Viola started collecting and sending medicine to villages in El Salvador. As that effort grew, he was joined by other doctors, and a small nongovernment relief organization was born. The group crystallized into Medicine for Peace, with Viola as its founder and director. He continues to direct the group from his home in the Washington area.

Today, Medicine for Peace, an all-volunteer organization run by a five-member executive board, has about 50 affiliated physicians and nurses from around the country. During and after the first Gulf War, members of the group spent five years in Iraq, filming the destruction, teaching Iraqi physicians, studying children’s nutritional needs and delivering medicine. In 1993, members helped negotiate the release of American oil executive Ken Beaty, who was arrested by Iraqis after he strayed across the border from Kuwait. The group’s involvement in the rescue put an end to their efforts in Iraq.

“Once that happened, the Iraqis never quite looked at us the same way again,” Viola said. “We’d done a lot of work with children, so they kind of trusted us. But once we were critical of their government, and it looked like we were working with the U.S. government, things changed, and we were kicked out in 1995.”

While Medicine for Peace maintains a presence in Haiti and Bosnia, its involvement in the current war in Iraq has been minimal because of the danger and restricted access. “There’s not much we can do,” Viola said. “We were told we need to have armed escorts at all times. We can’t operate like that.” The group hopes to send a team to Baghdad “to locate a large group of Iraqi children we brought to the U.S. for surgery in the 1990s. We hope they have survived all of the violence.”

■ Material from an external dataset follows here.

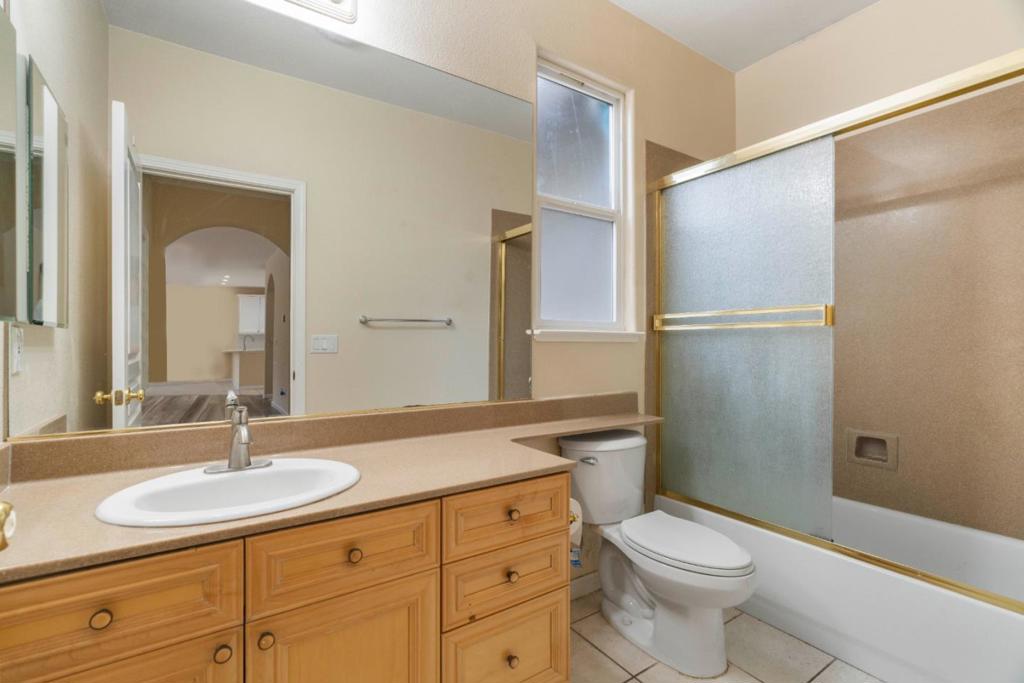 4009 Bella Tuscany Dr, Modesto, CA 95356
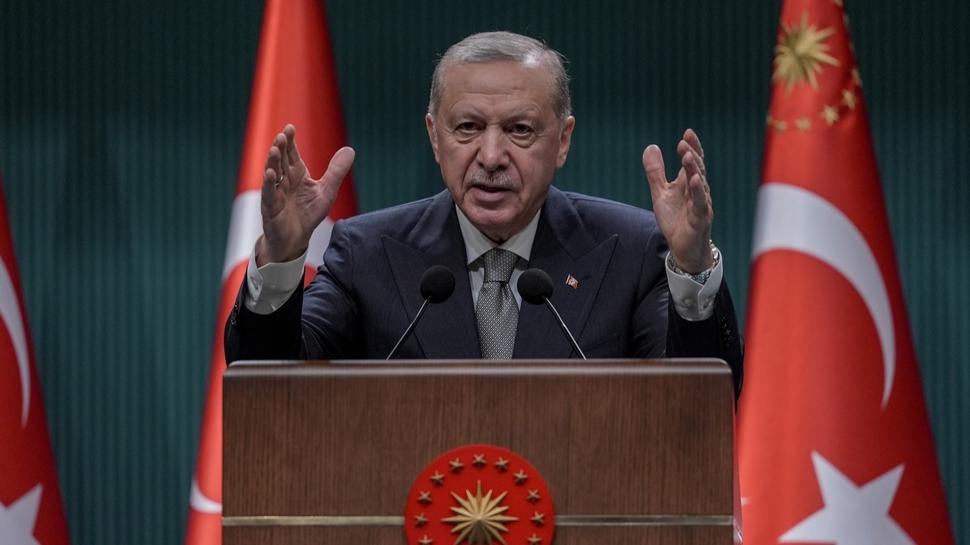 Bakan Erdoan'dan muhalefetin LGS algsna sert tepki: Dedikodu ile siyaset yaplmaz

Unlike larger, better-known relief organizations, such as Doctors without Borders, Medicine for Peace (http://www.medicineforpeace.org/) won’t take government funding (it relies on private donations) and will criticize U.S. policy. “We’re smaller and more freewheeling,” Viola said. “We tend to go to controversial places and take controversial stands.” But that renegade approach has risks. Noting that by the end of 2003, 57 relief and diplomatic workers had been killed since the current Iraq war began in March 2003, Viola said, “Humanitarian workers used to be protected, but the nature of war has changed. Now civilians are targeted. If belligerents kill civilians, they certainly don’t mind killing relief workers.” In August a bomb at United Nations headquarters in Baghdad killed 17 people.

Still, despite the danger, Viola, who runs the U.S. Department of Energy’s Medical Sciences Division, spends as much time as possible working for Medicine for Peace. “I’m not saying you get an enormous reward. There’s nothing rewarding about mass graves or large numbers of children dying of starvation, but you realize you’re having an impact in some small way.”